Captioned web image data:
_ _ _ _ _ _ _

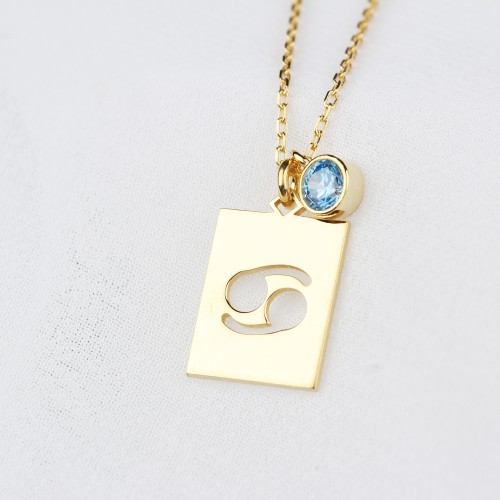 Glorria 925k Sterling Silver Personalized Cancer Sign Sterling Silver Necklace with Birth Stone Glorria 925k Sterling Silver Personalized Cancer Sign Sterling Silver Necklace with Birth Stone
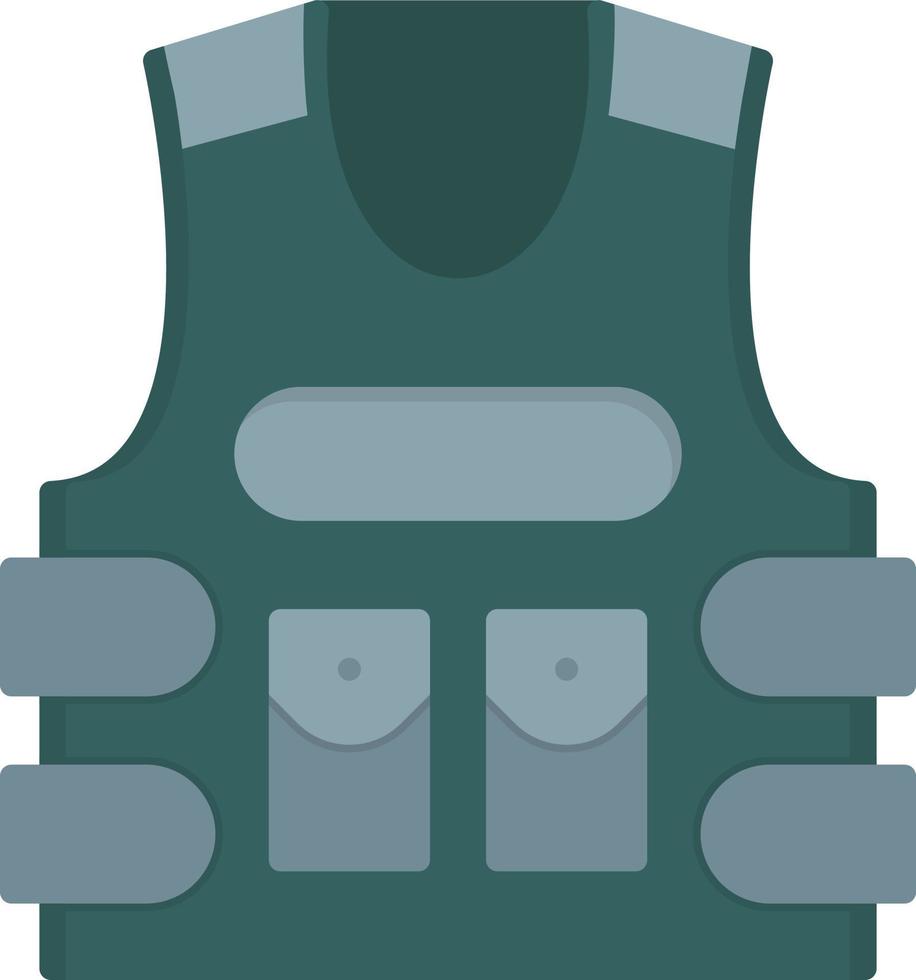 icono plano de chaqueta antibalas vector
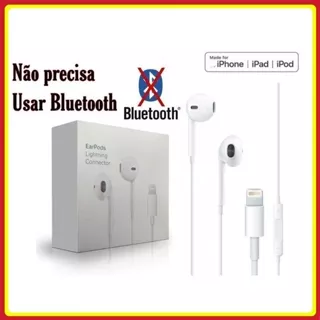 Fone de ouvido  com fio original Apple Lightning do iPhone 7 ao 14Pro Max em Oferta na Shopee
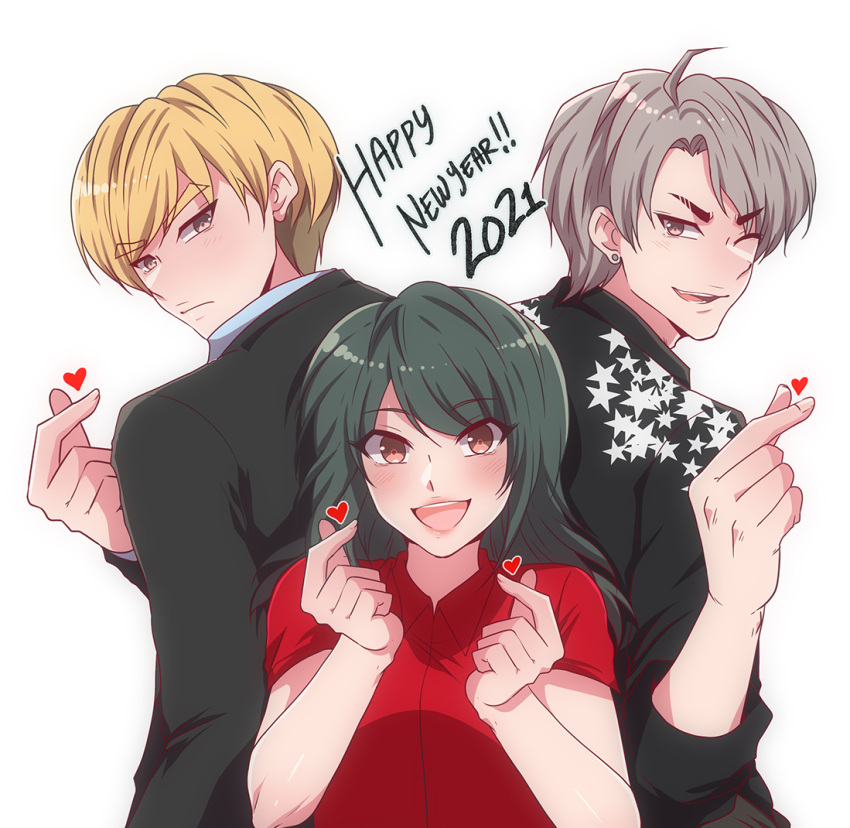 1girl, 2021, 2boys, :d, age_matters, blonde_hair, brown_eyes, closed_mouth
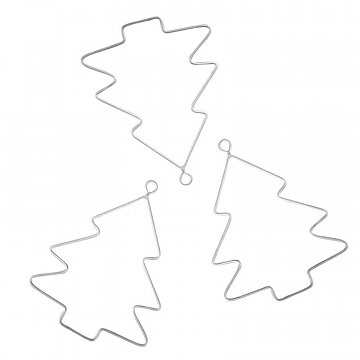 Kovové stromečky 9x6,5cm, balení 3 kusy - stříbrné
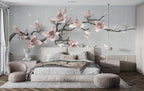 Pink Magnolia Wallpaper : 3D Blossom Branch on Grey Mural - View 2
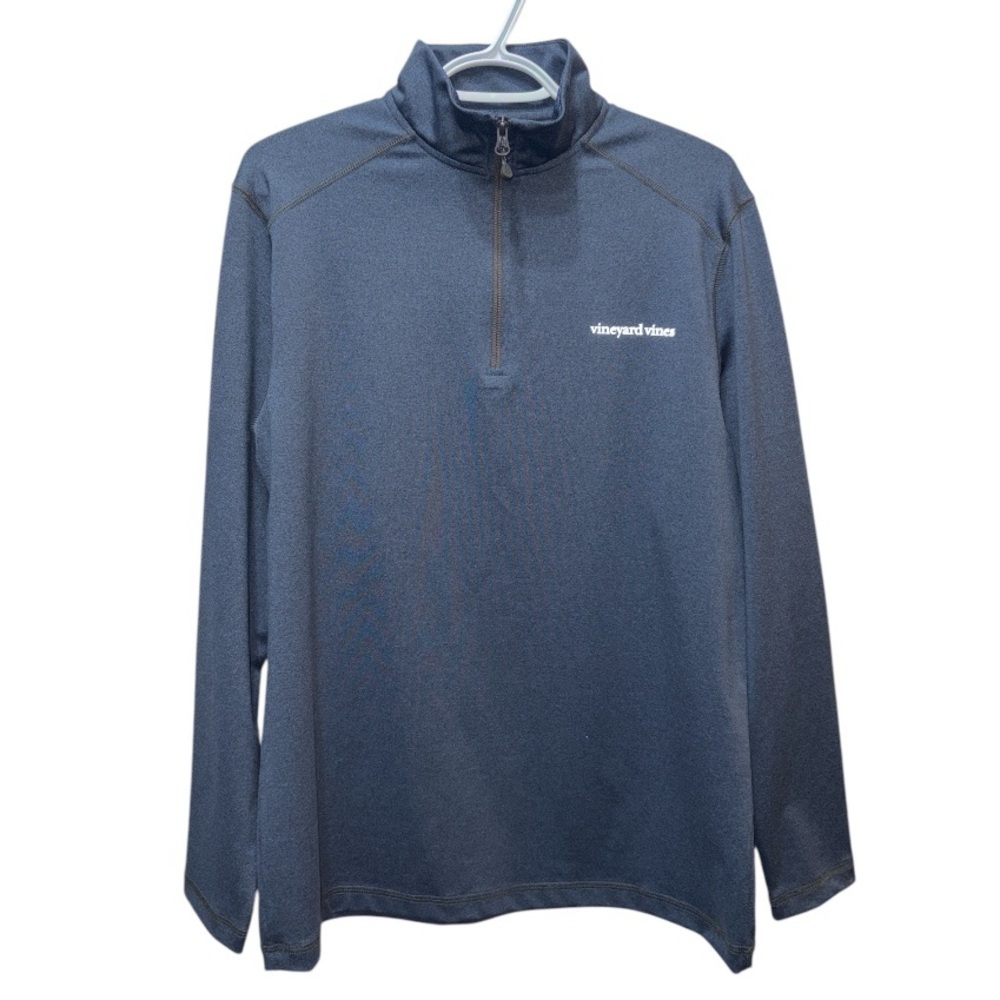Vineyard Vines Jersey 1/4 Zip Hybrid‎ Tech Performance Pullover Jacket Blue Sz S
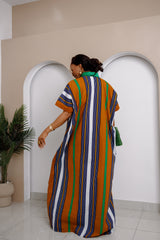 Vestido Bubu a rayas Oliaku con adorno Aso Oke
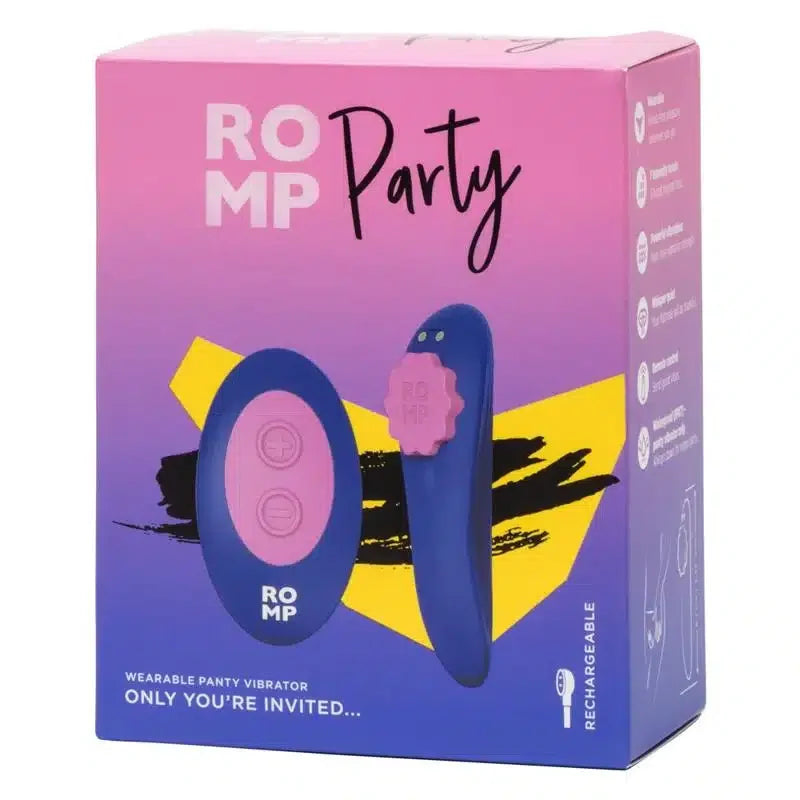 RO MP Party wearable panty vibrator packaging with remote, purple and pink design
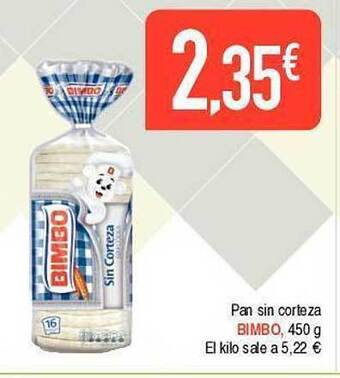 Masymas Pan sin corteza bimbo oferta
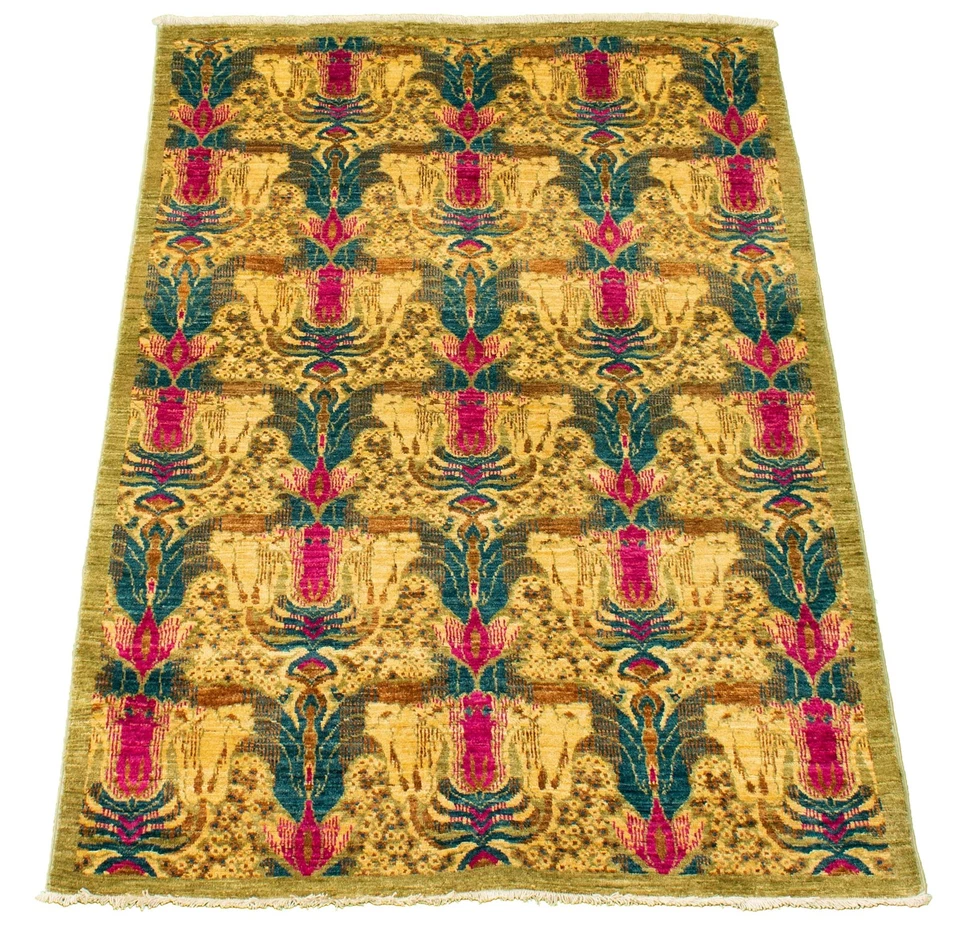 4'1" x 5'8" Hand Knotted Area Rug Traditional Oriental Wool Carpet - Image 3 of 4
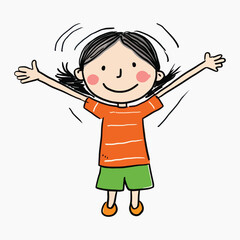 Happy cartoon girl with pigtails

_ _ _ _ _ _ _

About this exercise
Start with the line above containing "icono plano de chaqueta antibalas vector" and end with the line containing "Masymas Pan sin corteza bimbo oferta". Set down that stretch exactly, without any pictures.

Finished task
 icono plano de chaqueta antibalas vector
 Fone de ouvido  com fio original Apple Lightning do iPhone 7 ao 14Pro Max em Oferta na Shopee
 1girl, 2021, 2boys, :d, age_matters, blonde_hair, brown_eyes, closed_mouth
 Kovové stromečky 9x6,5cm, balení 3 kusy - stříbrné
 Pink Magnolia Wallpaper : 3D Blossom Branch on Grey Mural - View 2
Vineyard Vines Jersey 1/4 Zip Hybrid‎ Tech Performance Pullover Jacket Blue Sz S
 Vestido Bubu a rayas Oliaku con adorno Aso Oke
 RO MP Party wearable panty vibrator packaging with remote, purple and pink design
 Masymas Pan sin corteza bimbo oferta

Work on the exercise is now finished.